Le ministre Razafindravahy a bétonné son argument. «C’est une question d’équité. La juste répartition de la valeur est au cœur de notre démarche. Il est important que tout le monde comprenne comment le prix minimum à l’exportation a été fixé et en quoi il est corrélé avec le prix minimum d’achat de la vanille verte. Ce que nous voulons, c’est un commerce fondé sur le respect et la transparence, c’est un commerce équitable» a-t-il asséné.

Mais comment faire pour faire respecter ces prix étant donné qu’il y a toujours des resquilleurs ? Eh bien l’Etat s’est donné les moyens de ses ambitions. «Le CNV sera financé principalement par une participation des exportateurs à hauteur de 4 dollars par kilo exporté. Cette participation, obligatoire, et dont le paiement est une des conditions d’octroi de l’agrément d’exportation, permettra de financer les moyens de contrôler sur le terrain l’application des règles à travers le déploiement d’effectifs conséquents mais aussi l’investissemen t dans du ma tériel de surveillance et de contrôle» a rassuré le ministre Razafindravahy.
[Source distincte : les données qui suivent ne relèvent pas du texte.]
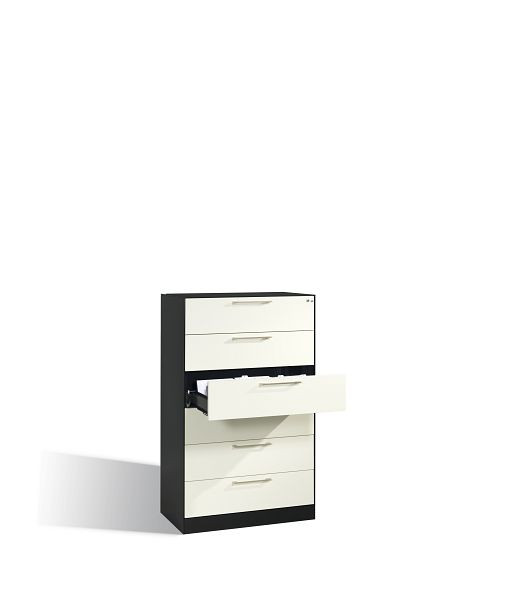C+P archiefkast Asisto, H1310xB800xD435mm, kleur: zwart-grijs, beugelgreep, stalen afdekplaat, 146023-623 S10028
Il a été d’ailleurs très ferme dans sa déclaration. « Ceux qui trichent seront exclus de la filière. Ceux qui ne respectent pas le prix de 250 dollars minimum seront sanctionnés y compris pénalement.»

Un nouveau départ a été donc pris à Paris pour la vanille. La campagne d’achat de la vanille verte dans les régions Sava et Analanjirofo qui s’ouvre le 7 juillet s’annonce ainsi sous un parfum séducteur.